The surge in Middle Eastern and African displacement reached crescendo in 2015. Part of this was created by Western and allegedly Russian military interventions, recent and past. This was also the year that Trump announced his presidential campaign, launching it with demonisation of immigrants.
Part of the surge in numbers was the beginning of the climate crisis’s mass displacement. Syria’s internal crisis, for example, was in part fuelled by young people flooding to the city for opportunity after crippling climatic conditions killed the crops.
The resultant paranoia in Western nations drove a surge in white supremacist and Neo Nazi support. Disinformation made people in distant villages of Wales who’d not seen a refugee themselves believe they were about to be flooded with new and unfamiliar people. The same disinformation, allegedly promoted by Russian propaganda, led people to believe that these asylum seekers were a threat to Western safety, as terrorists or rapists.

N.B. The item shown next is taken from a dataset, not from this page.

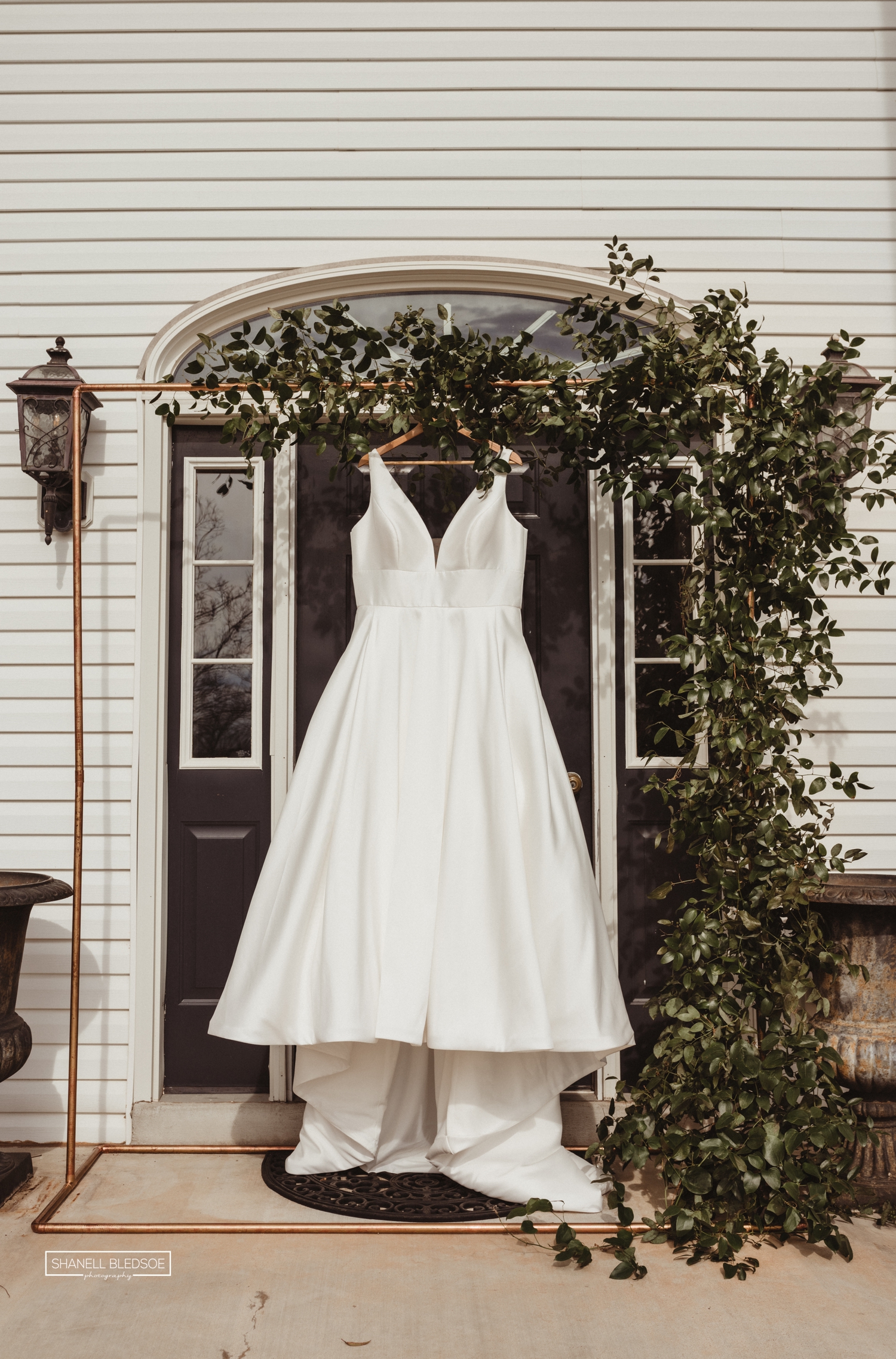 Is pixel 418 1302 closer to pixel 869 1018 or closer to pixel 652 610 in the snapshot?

Former conservative governments were already being radicalised by “think tanks” and a new generation of politician who had been honed by Dark Money’s strategies into an anti-democratic force.
Some Right-Wing politicians still genuinely believe that the climate catastrophe is a hoax, just as asylum seekers must be country shopping grifters and that our nations must be White. Others believe that both problems are insoluble, particularly by a party that doesn’t believe in government.
This problem is compounded by the fact that those displaced by the climate catastrophe are still denied refugee status.
Our Centrist parties speak the language of climate action, but as we see in Australia and America, their will to make functional change does not match the rhetoric. This defeatism is paired with state Labor governments joining in the war against protesters rather than polluters.
The prison hulks for asylum seekers in Britain together with Texas at the vanguard of American cruelty are the other face of that defeatism.
Any data-based government knows that millions will be displaced by the climate crisis in the coming decades. Beyond that, the numbers seeking safety will be far greater. Most will be internally displaced or move into their poor neighbour states. Some will make it to the wealthier world for rescue.
Rather than act in unity to work to cap the temperature rise and limit the catastrophes of famine, drought, floods, war and disease, governments are turning their states into fortresses at monumental expense. India and Eastern Europe are building literal fences against threatened regions. Australia has coast guard and naval vessels poised to chase off any making the attempt.
Britain and Texas are modelling the next grotesque step as the numbers rise: the cruelty shatters every claim we have to be ethical nations. We fail in the duty to stop our overwhelming contribution to the world’s carbon overload, and we turn brutal in our efforts to punish those displaced, substantially, by our acts.